# O/T- 1350 ft in 6 seconds



## Slott V (Feb 3, 2005)

*O/T- 1320 ft in 6 seconds*

Last night I went over to my buddy’s house to borrow a tool- this is in his garage just a few blocks from me. We grew up building cars in high school and this is where he took it 30 years later. It’s a 7/8 scale ‘57 Chevy NHRA Pro Mod. He’s a member of the Chicago Wiseguys. He fires it up in his driveway to test stuff. Last night he was testing the trans brake. 3,600HP and low 6 second passes in the quarter mile. The engine, heads and intake manifold are custom CNC fabricated from blocks of billet aluminum. The twin turbo charged, alcohol injected 572 builds 30 lbs. of boost at the line with a timing retard system that produces immense back firing until you let go of the launch button- you can hear it for blocks. He pulls .096 second 60 ft times! :freak: He’s shooting for high 5 second runs this summer. -Fun stuff.


----------



## Hornet (Dec 1, 2005)

edit.


----------



## Slott V (Feb 3, 2005)

No never married and no kids- how'd you guess?  He's an instructor at UTI and does that stuff on the weekend.

The prevoius engine had a screw charger and mech fuel injection. He would burn 13 gallons of fuel for one run. He lost his MSD and hydraulic'd the motor on raw fuel. He showed me one of the pistons stretched over a rod. Hard to fathom locking an engine on fuel. The screw charger needs 1,000HP to turn it at 10k RPM so both ends of the crankshaft are doing work and everything gets twisted after each run. This stuff is on a level that's hard to comprehend to the average street guy. The u-joints are out of a tractor semi- 1.5" caps! :freak:
Here's a great shot with the old motor. All 4 tires in the air-










I guess the new turbo/alcohol set up only burns 1.5 gals with the programmable EFI and is much easier on the motor. His last test run pulled G's so hard out of the hole his helmet slid up his face and he had to shut down since he couldn't see. He shut down at 600 feet and ran a 6.82. :tongue:


----------



## Boosted-Z71 (Nov 26, 2007)

Very nice rides

Boosted


----------



## Hornet (Dec 1, 2005)

edit.


----------



## Joe65SkylarkGS (Feb 15, 2010)

Never heard anything about a 7/8th's car?

Please elaborate.


----------



## plymouth71 (Dec 14, 2009)

It means the car is 1/8 smaller than a factory version


----------



## kiwidave (Jul 20, 2009)

Very cool Slott V. I'm helping a friend here with a high 6 second Camaro. Big bucks but there's nothing better than a trip down the strip and feeling that sort of acceleration! Just a rush!!!

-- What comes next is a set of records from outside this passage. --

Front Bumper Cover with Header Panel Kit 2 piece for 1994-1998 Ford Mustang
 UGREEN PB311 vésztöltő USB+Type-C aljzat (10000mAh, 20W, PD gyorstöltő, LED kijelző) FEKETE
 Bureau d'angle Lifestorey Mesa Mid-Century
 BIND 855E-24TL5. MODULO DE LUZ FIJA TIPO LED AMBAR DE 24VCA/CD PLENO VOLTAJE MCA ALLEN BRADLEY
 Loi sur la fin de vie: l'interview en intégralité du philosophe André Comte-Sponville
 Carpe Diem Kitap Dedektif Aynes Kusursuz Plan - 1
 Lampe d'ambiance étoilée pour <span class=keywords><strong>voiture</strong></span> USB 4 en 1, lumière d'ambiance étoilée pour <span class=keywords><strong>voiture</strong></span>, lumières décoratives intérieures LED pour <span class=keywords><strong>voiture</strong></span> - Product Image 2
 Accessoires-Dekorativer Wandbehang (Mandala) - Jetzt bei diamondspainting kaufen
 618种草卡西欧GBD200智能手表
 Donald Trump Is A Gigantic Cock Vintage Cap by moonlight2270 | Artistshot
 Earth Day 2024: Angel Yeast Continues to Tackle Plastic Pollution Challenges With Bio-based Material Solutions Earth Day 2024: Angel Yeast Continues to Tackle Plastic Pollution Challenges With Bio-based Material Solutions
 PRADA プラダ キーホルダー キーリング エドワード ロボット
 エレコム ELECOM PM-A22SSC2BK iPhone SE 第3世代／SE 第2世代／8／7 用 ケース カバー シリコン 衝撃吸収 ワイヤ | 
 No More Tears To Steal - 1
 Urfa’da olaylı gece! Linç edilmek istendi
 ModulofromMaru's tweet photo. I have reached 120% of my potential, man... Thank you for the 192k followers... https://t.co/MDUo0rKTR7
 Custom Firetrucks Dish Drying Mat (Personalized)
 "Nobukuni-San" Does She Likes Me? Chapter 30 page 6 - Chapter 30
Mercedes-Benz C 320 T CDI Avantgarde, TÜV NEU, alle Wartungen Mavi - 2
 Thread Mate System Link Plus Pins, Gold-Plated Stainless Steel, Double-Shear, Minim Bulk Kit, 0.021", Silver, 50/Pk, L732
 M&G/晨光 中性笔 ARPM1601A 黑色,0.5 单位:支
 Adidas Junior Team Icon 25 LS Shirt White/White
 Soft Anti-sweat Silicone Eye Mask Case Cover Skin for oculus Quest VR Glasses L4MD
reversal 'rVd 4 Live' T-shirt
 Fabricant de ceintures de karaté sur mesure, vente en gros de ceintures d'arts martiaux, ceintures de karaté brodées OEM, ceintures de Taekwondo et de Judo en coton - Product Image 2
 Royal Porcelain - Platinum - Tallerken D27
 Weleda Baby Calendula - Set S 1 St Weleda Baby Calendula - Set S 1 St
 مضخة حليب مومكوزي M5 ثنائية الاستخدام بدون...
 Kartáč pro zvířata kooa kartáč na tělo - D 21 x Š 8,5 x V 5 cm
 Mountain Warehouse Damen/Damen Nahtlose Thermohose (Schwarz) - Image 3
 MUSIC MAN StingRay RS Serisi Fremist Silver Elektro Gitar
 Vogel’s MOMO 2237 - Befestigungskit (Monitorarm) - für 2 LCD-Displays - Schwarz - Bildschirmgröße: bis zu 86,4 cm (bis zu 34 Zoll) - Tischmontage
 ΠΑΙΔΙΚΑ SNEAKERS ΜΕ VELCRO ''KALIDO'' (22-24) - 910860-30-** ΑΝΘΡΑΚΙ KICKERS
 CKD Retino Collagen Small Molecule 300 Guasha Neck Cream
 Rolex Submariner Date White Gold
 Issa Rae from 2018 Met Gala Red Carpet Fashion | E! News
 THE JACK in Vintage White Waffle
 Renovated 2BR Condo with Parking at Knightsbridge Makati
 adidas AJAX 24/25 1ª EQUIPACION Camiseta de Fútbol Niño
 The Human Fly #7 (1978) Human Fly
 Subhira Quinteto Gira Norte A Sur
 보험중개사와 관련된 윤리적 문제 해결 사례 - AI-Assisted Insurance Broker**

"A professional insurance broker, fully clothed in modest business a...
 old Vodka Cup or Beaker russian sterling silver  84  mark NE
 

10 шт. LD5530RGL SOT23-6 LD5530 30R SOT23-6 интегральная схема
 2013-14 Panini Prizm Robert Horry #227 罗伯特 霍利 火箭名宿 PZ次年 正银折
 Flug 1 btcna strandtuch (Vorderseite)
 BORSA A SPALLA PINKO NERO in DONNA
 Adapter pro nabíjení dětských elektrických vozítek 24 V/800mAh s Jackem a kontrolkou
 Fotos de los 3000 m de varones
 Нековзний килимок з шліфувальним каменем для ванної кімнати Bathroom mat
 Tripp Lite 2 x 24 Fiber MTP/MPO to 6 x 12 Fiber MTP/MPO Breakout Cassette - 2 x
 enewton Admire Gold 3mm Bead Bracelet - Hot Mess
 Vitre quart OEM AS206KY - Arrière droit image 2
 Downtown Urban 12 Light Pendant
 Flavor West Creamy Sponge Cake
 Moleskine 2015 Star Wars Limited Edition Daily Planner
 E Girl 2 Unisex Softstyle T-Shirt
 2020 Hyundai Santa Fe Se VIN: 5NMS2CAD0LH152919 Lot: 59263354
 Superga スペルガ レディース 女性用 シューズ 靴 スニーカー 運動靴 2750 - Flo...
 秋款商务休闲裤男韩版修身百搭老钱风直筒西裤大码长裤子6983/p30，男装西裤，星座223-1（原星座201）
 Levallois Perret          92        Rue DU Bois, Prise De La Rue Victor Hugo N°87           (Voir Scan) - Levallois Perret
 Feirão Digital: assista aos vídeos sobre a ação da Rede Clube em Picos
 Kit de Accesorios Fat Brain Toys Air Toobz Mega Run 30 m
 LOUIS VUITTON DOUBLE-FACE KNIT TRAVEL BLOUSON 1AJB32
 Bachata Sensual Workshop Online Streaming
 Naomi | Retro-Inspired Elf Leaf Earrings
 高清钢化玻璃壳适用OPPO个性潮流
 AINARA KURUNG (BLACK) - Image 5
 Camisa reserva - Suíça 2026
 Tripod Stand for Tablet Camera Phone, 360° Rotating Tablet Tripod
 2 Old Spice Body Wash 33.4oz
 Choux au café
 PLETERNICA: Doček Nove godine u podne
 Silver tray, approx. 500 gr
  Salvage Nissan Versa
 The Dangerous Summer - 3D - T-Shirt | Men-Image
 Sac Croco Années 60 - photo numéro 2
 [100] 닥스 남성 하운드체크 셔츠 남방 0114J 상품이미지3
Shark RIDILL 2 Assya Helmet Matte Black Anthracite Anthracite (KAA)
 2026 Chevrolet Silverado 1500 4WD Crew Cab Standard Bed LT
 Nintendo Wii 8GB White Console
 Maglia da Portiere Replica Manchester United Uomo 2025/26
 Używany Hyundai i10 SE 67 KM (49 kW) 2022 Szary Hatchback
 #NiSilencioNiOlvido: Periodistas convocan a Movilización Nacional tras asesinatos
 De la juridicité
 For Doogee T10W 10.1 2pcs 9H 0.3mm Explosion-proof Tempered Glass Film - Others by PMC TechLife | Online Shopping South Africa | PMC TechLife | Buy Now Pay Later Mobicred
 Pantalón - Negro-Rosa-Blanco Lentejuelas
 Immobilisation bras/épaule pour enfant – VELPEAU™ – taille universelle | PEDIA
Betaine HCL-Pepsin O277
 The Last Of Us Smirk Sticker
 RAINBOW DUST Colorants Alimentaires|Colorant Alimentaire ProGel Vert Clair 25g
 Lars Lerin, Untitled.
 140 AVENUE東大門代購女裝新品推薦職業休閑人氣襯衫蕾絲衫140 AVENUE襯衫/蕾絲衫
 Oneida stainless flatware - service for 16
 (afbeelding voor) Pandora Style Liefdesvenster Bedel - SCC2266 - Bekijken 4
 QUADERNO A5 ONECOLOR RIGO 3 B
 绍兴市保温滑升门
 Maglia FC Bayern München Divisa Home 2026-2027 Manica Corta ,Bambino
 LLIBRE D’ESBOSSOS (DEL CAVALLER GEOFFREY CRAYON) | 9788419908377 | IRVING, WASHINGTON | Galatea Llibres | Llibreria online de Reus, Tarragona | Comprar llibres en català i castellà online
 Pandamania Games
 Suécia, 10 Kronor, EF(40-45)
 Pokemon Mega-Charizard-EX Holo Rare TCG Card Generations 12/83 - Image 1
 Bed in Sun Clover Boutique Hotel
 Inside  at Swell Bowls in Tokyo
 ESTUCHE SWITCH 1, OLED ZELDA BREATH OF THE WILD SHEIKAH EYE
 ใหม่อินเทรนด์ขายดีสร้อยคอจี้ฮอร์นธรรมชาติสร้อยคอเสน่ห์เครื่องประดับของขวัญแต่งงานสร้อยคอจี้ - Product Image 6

Here's the first 5 second Doorslammer from this part of the world!

http://www.zapsrat.com.au/


----------



## Joe65SkylarkGS (Feb 15, 2010)

plymouth71 said:


> It means the car is 1/8 smaller than a factory version



Hahahahaha yea I got that part Dan. Just never heard of such an animal personally.


----------



## 440s-4ever (Feb 23, 2010)

When there's no original 57 parts involved what's tying ya to the original car's dimensions? 

Scaled down drag cars have existed since the 50s but have generally been one-off, eccentric creations. When pro modified exploded in the 90s, promoters wanted all sorts of different bodies, so the rules allowed all sorts of bodystyles to be scaled for competition. Ever since then this style of car has been a staple of the pro/semi-pro drag scene. They are awesome. Especially this one.


----------



## Rawafx (Jul 20, 1999)

Scott, do you know which southern Chicago suburbs resturant has the the full-built Corvette Pro Mod hanging up on the wall? I saw the car when it was just about done a few years ago at Troy Trepanier's shop in Manteno, IL. They said it cost $250,000 to build.
And wasn't the '66-'67 Chevelle that Smokey Yunick built for Daytona in '67 7/8ths scale also?

Bob Weichbrodt
[email protected]
Winston-Salem, NC


----------



## Rolls (Jan 1, 2010)

Lots of info on Smokey's '67 Chevelle with the '66 front end here. Lots of talk at the time that it was 15/16th size, but the actual scale was probably 1:1, but with lots of other Smokey tricks to the body for better aerodynamics. 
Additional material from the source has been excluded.